The Building Schools for the Future (BSF) programme aims to rebuild or renovate every one of the country’s 3,500 state secondary schools in the next ten years. Launched by the Department for Education & Skills in 2004, it will transform education for some 3.3 million students aged 11-19.  The government has committed £9.3 billion for the BSF programme over the next three years.  Around 1,000 secondary schools in over half the local authorities in England are now engaged in the programme with 42  schools revitalised and a target of 50 to be completed by  April.

The programme aims to deliver better learning environments for all students, better teaching environments for all education professionals, and better access to facilities for local residents. It has committed to reducing carbon emissions from schools, with all buildings making the most of sustainable features to help protect the environment and reduce overheads. 

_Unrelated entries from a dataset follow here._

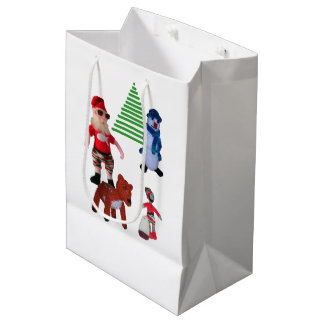Sac Cadeau Moyen Gift Bag - Christmas Dolls and Holly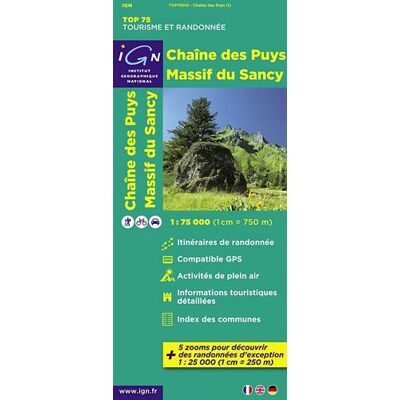 Ign 75 000 Touristische Wanderkarte 15 Chaîne Des Puys - Massif Du Sancy (Ign Map) - Publicité Ign 75 000 Touristische Wanderkarte 15 Chaîne Des Puys - Massif Du Sancy (Ign Map) - Publicité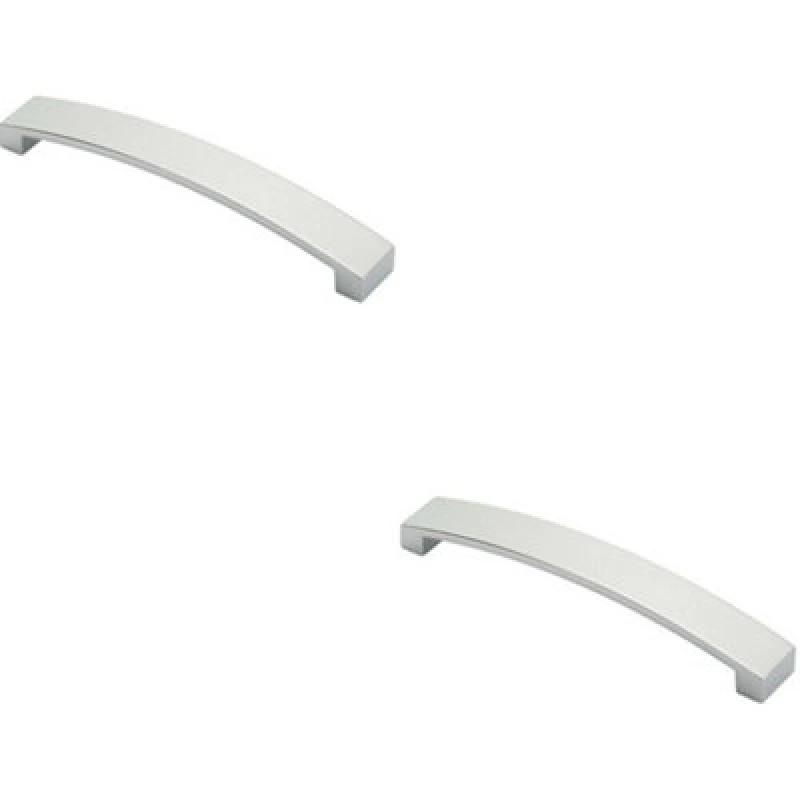 Image of Loops 2x Flat Curved Bow Pull Handle 172 x 25mm 160mm Fixing Centres Polished Chrome Multi unisex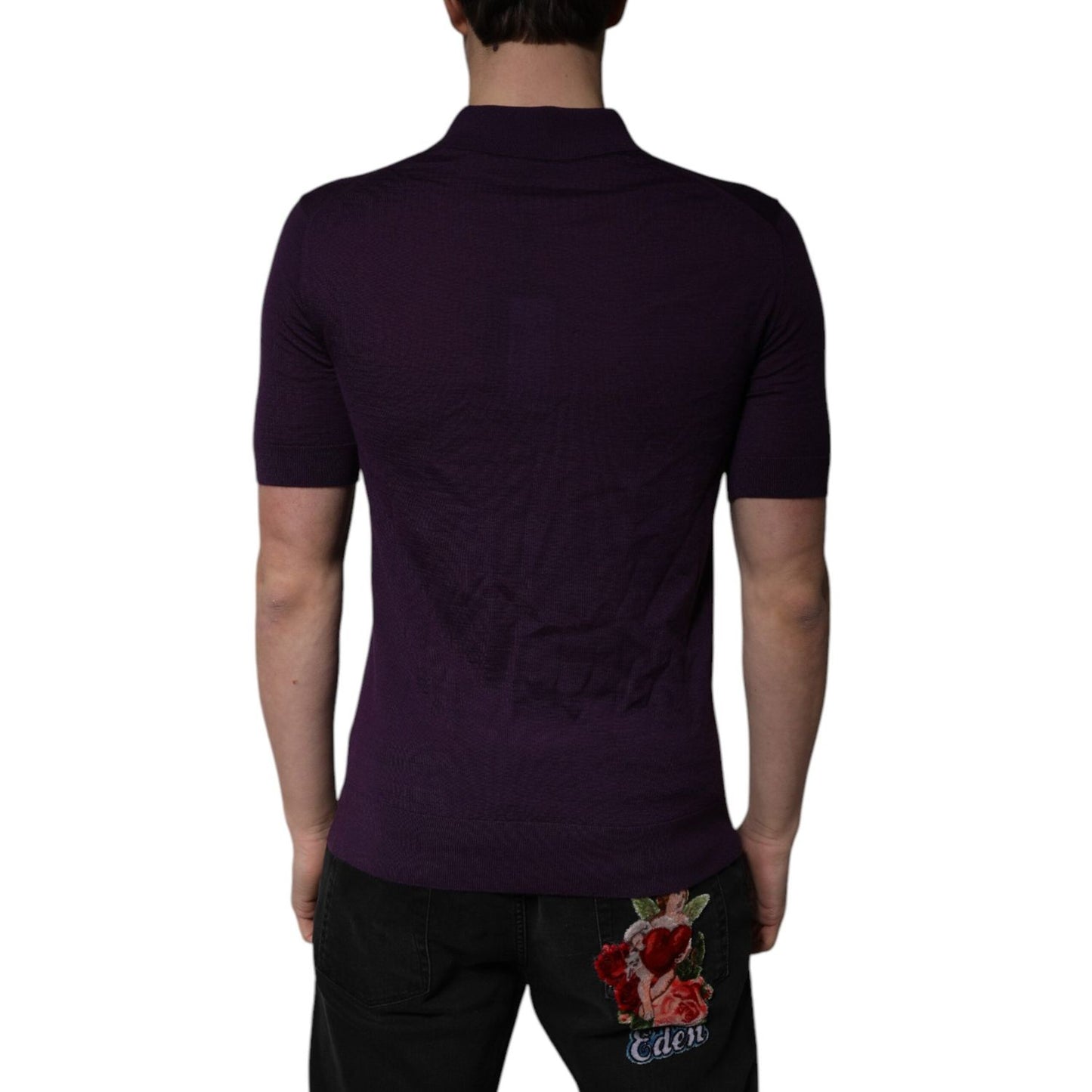 Dolce & Gabbana Violet Cashmere Collared Polo T-shirt TSH86462-46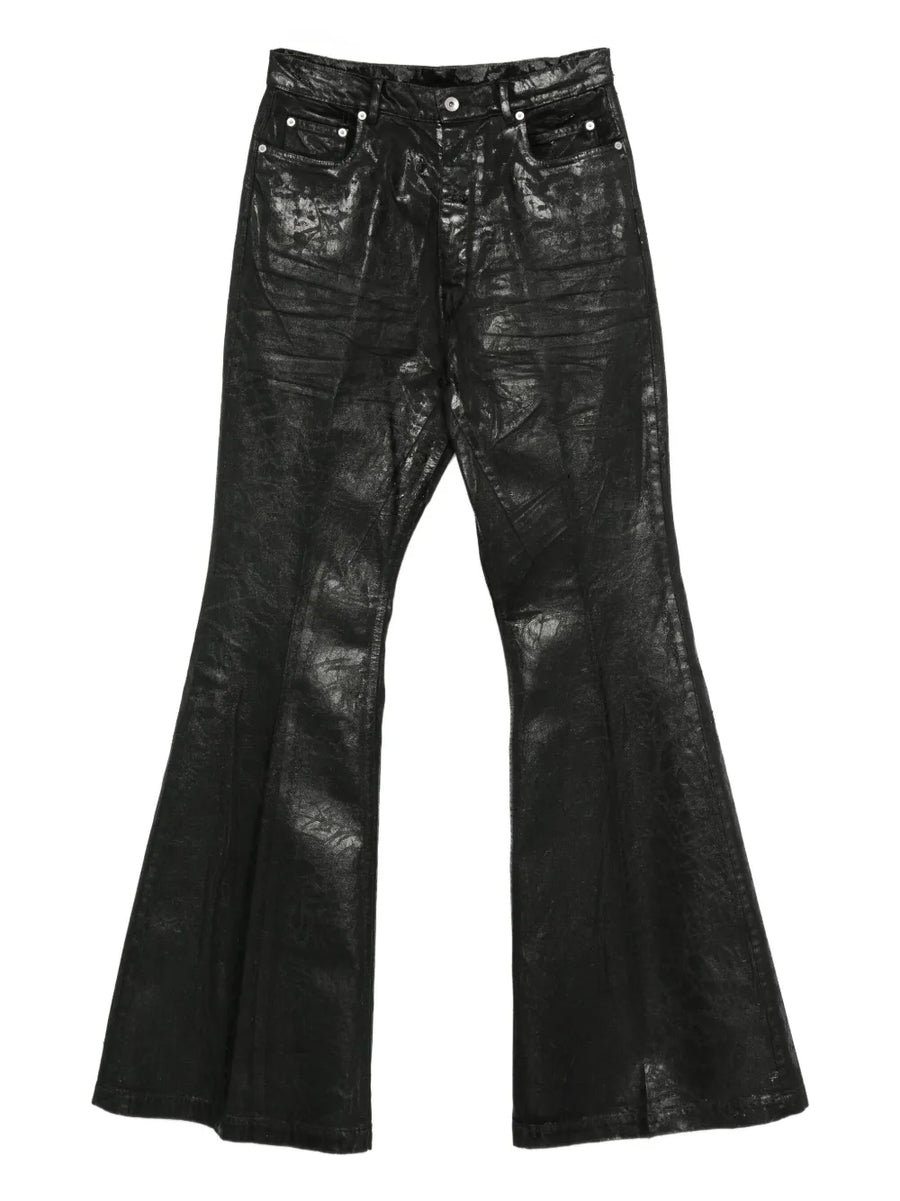 metallic-effect flared trousers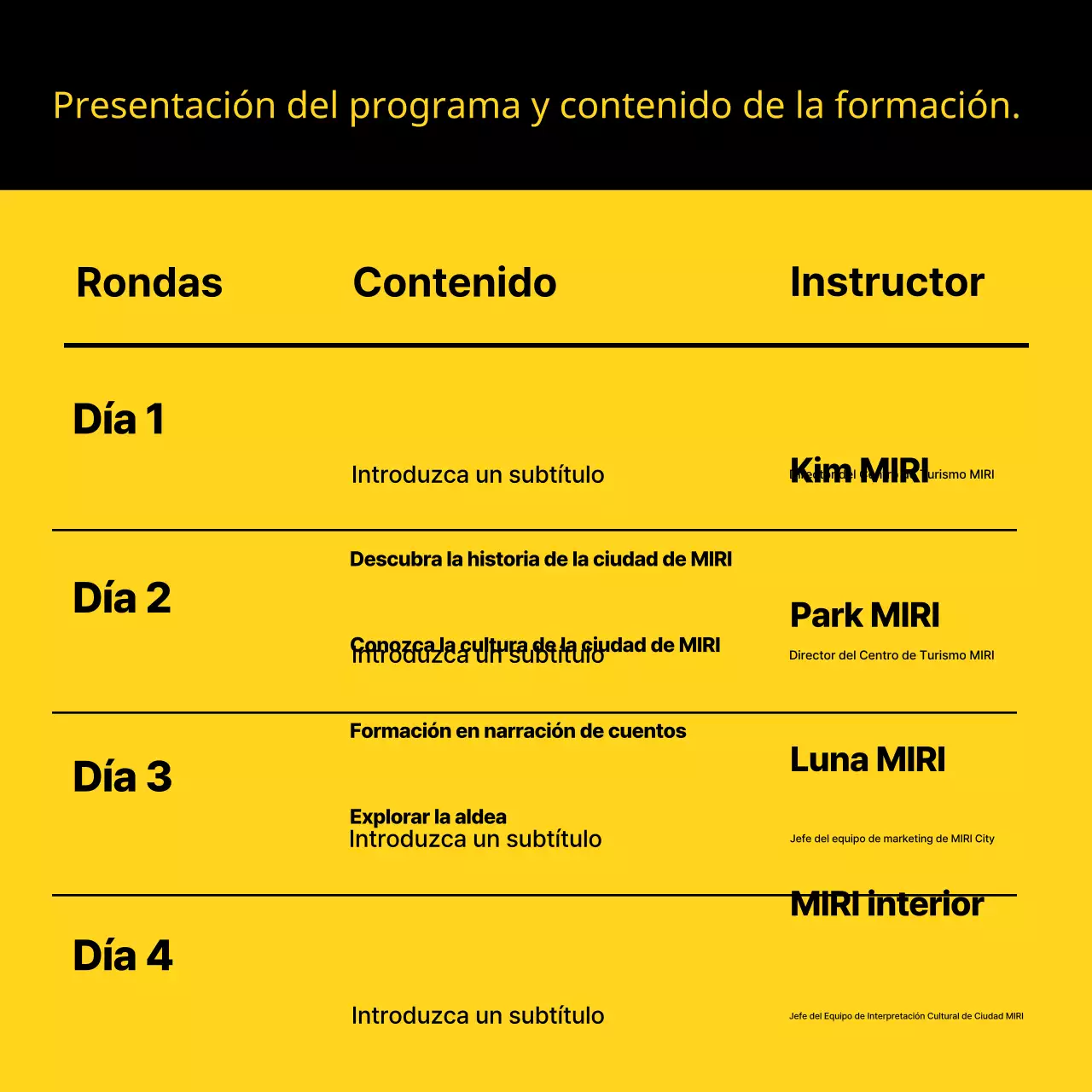 Anuncio de contratación de comentarista cultural minimalista en amarillo y negro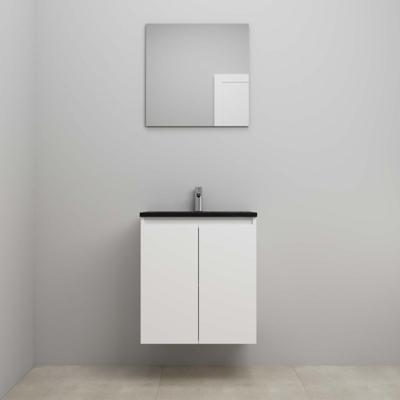 On-Line Badkamermeubelset - 60 cm - Voorgemonteerd - Greeploze Ladestructuur - Acryl Wastafel - 1 Kraangat - Spiegel - Mat Wit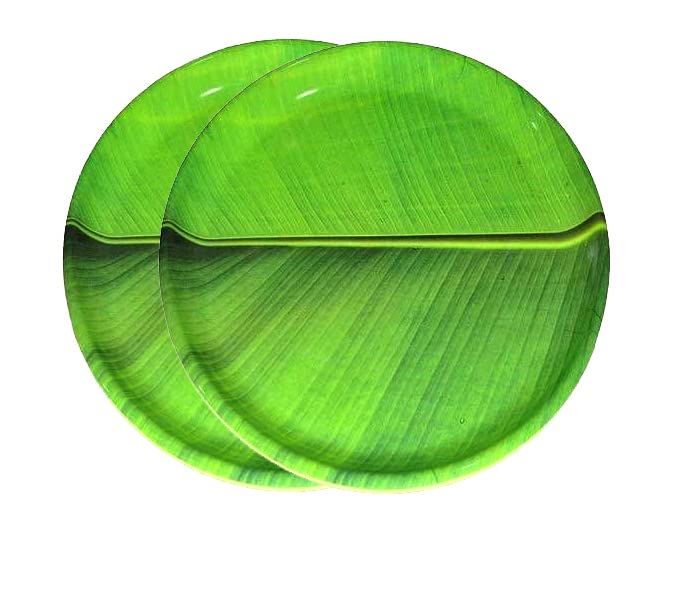 صحون عشاء/أواني طعام بتصميم موز من سمارت باي، حجم 10 بوصة (طقم من 2 صحن) [اللون-أخضر] - Image 1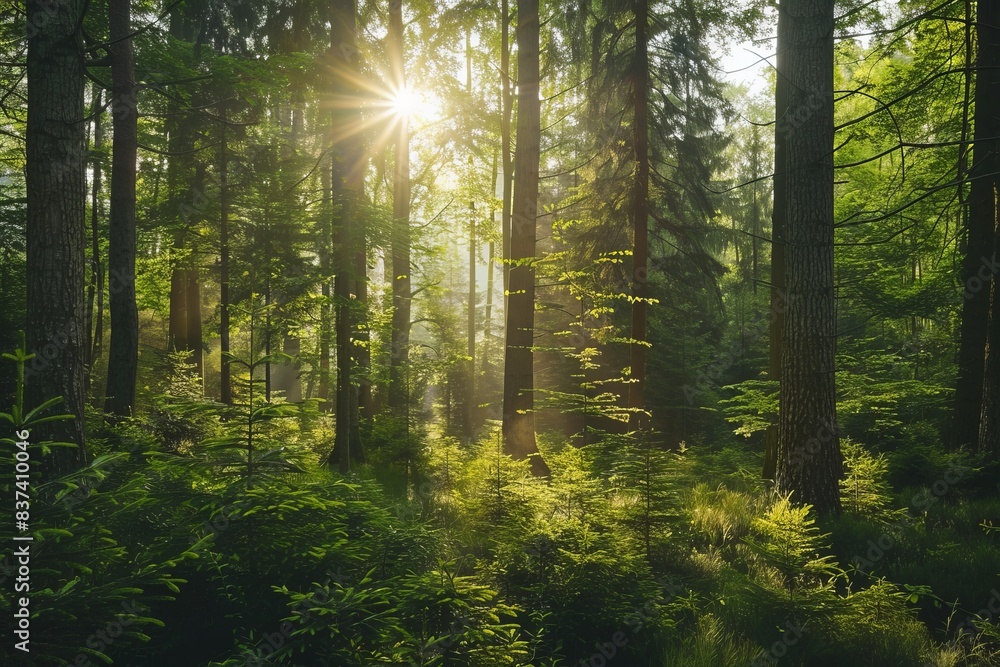 Fototapeta premium A lush forest with sunlight filtering through the trees, emphasizing the beauty and importance of nature preservation.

But our research went beyond this and also looked at how to deliver sustainable learning. We interviewed leaders of 11 exemplar schools as well as conducting an online survey of a larger group, and we found that the rebuilding process presents a perfect opportunity for a school to rethink its approach to learning and consider how its buildings can become a resource for action centred teaching and learning.

For example, American researchers have found that students get better results when learning in rooms with plenty of natural light. It’s also important to ensure multi-functional spaces are created, designed for community as well as school use and that there is sufficient outdoor space for learning throughout the year.

There is a real opportunity for linking the school site to curriculum delivery by engaging pupils in managing environmental impacts.  For example measuring water consumption and energy use as part of their course work. A school eco-council can involve pupils in managing and maintaining buildings.

Sustainable features such as photovoltaic panels and green roofs, as well as providing learning opportunities can make the school a beacon of sustainability of interest to the wider community.

What makes a good leader when building a sustainable school? We found that these individuals consult widely, are skilled communicators who can excite others with their vision, and show determination, drive and forcefulness in seeing through their aims. The three most important leadership roles are, unsurprisingly, those of the head teacher, architect and chair of governors.

A barrier we discovered was the apparent lack of support and expertise to support implementation of the government’s Sustainable Schools strategy within Local Authorities.  We recommend that a sustainability adviser be attached to the Building Schools for the Future programme or Local Authorities.  They would provide specialist sustainable development advice to school leaders, in parallel to the kind of support they already receive through ICT advisers. 
Our report proposes a set of principles to guide building development and in particular the initial briefing process. We also spell out what steps leaders need to take during procurement, and to encourage the adoption of best practice in areas such as whole life costing (estimating the entire cost of achieving a design outcome) and post-occupancy evaluation (evaluation of the results once people are using the building).  It includes guidance for school leaders on how to create a sustainable school estate as well as case studies giving such details as the key individuals in each school that made it happen along with their main learning points.

Since the research was completed, it is encouraging to see that more much emphasis is being placed on incorporating sustainability into school build and that resources are being developed to support this.

This research forms part of Forum’s ongoing work with school leaders for the National College for School Leadership. We are currently supporting the development of leaders in 56 schools to help them actively explore and share innovative practice in leading sustainable schools in order to develop a stronger evidence base and inform policy and practice.